For instance, sometimes employees whom the FMLA does not cover may be entitled to time off regardless of certain circumstances. The circumstances may include whether their employer provides paid time off, business procedures, union contract terms, state law, or other regulations like Workers’ Compensation or the Americans with Disabilities Act.
Further, the worker should also examine their company’s employee handbook or personnel policies and consult with an employment lawyer regarding the other protections available in their jurisdiction.

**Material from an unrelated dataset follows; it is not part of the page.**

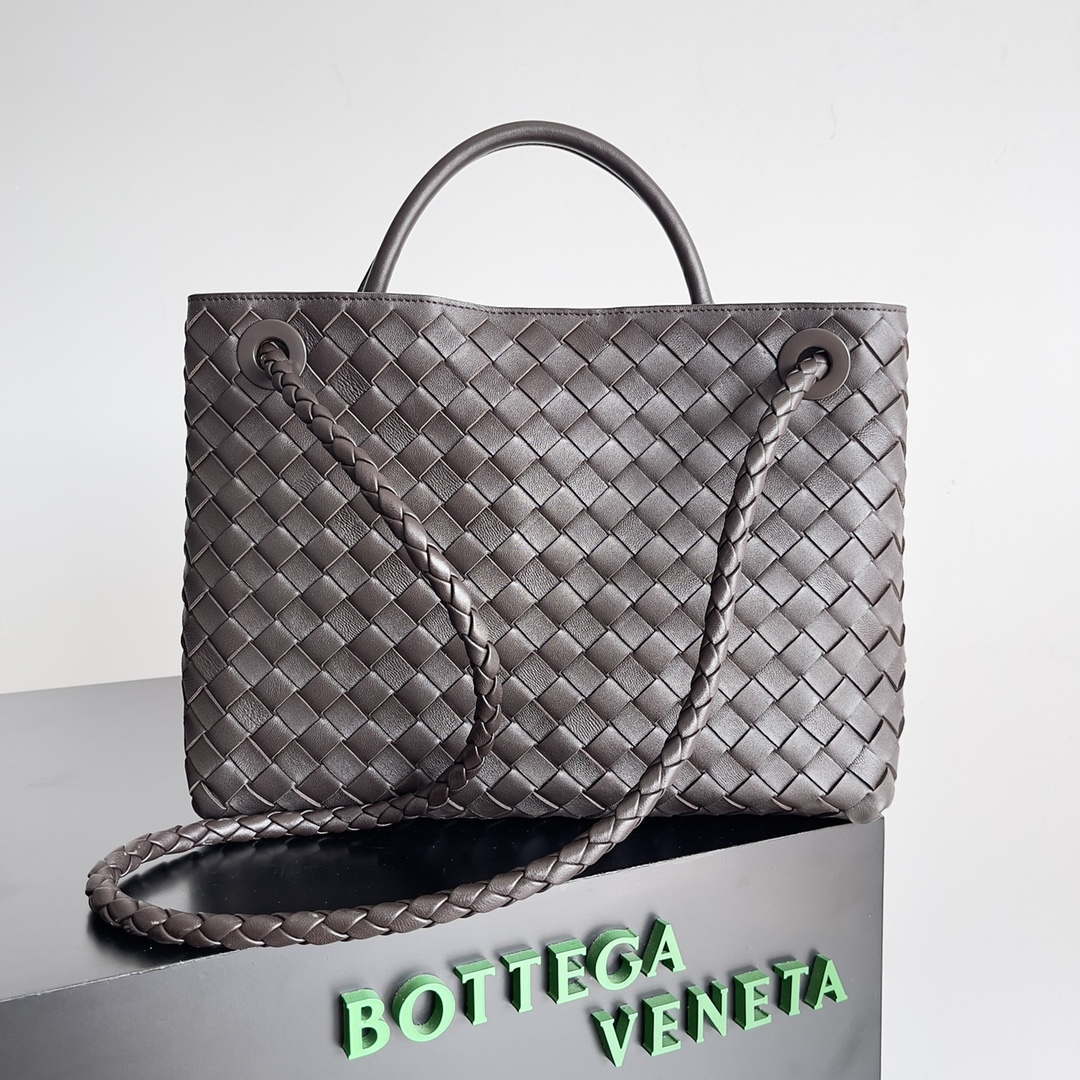 Bottega Veneta BV 743572 Medium Andiamo Drak Brown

Ultimately, it is essential to keep paper records of any incidents. For instance, when requesting leave, be sure to put it in writing (like an email) and to maintain any copies of correspondence transmitted or obtained from managers, as well as any medical documentation. This kind of proof can go a long way in sustaining a lawsuit.
How Should I Proceed If I Think I am Being Discriminated Against?
There are several choices that a person may pick from in the event of a discrimination claim. For example, suppose an employee is also a union member. In that case, they can contact their labor union official to check if they have any special union arrangements within the company or their union contract.
In addition, a worker should also file a complaint with their human resources department or their company’s internal grievance system.
However, it should be noted that a human resources manager is more concerned about keeping the business safe than they are with an individual worker’s well-being, so proceed with vigilance.
What Is the Relationship Between the Conditions of the FMLA, the ADA, and Title VII?
The FMLA and the Americans with Disabilities Act (ADA) instruct a covered employer to give medical leave to an employee in particular cases. The FMLA and Title VII have provisions governing leave for pregnancy and pregnancy-related conditions.
In addition, under Title VII, employers must not discriminate based on race, color, religion, sex, or national origin when they provide family or medical leave.
Who Enforces the FMLA?
The Department of Labor implements the FMLA. The EEOC has no enforcement obligation for the FMLA.
When Did the FMLA Go Into Effect?
The FMLA went into effect on August 5, 1993. The FMLA final rule became effective on April 6, 1995.
Is There a Battle Between the FMLA Provision Permitting Employers to Ask for Certification that an Employee has a Serious Health Condition and ADA Restrictions on Disability-Related Inquiries of Employees?
No. When an employee requests leave under the FMLA for a serious health condition, employers will not infringe the ADA by asking for the information defined in the FMLA certification form.
The FMLA form only requests facts relating to the particular serious health condition, as defined in the FMLA, for which the worker is seeking leave. An employer is allowed to know why an employee, who otherwise should be at work, is requesting time off under the FMLA. If the questions are strictly restricted in this fashion, they would be “job-related and consistent with business necessity” under the ADA.
Do I Need to Hire a Lawyer for Help with Family Medical Leave Discrimination Issues?
Suppose you think you are covered by the FMLA and have been discriminated against or are unsure of what rights you have. In that case, the easiest way to obtain accurate advice is to consult a local discrimination attorney.
An experienced discrimination attorney will be able to explain all of the minor differences between the federal law, your company’s policies, and the employment laws enacted in your state.
In addition, it may also be in your best interest to retain an attorney because this field is particularly difficult to navigate and is often full of overlapping statutes. Thus, hiring a good attorney can be essential for maximizing your rights and protecting your job.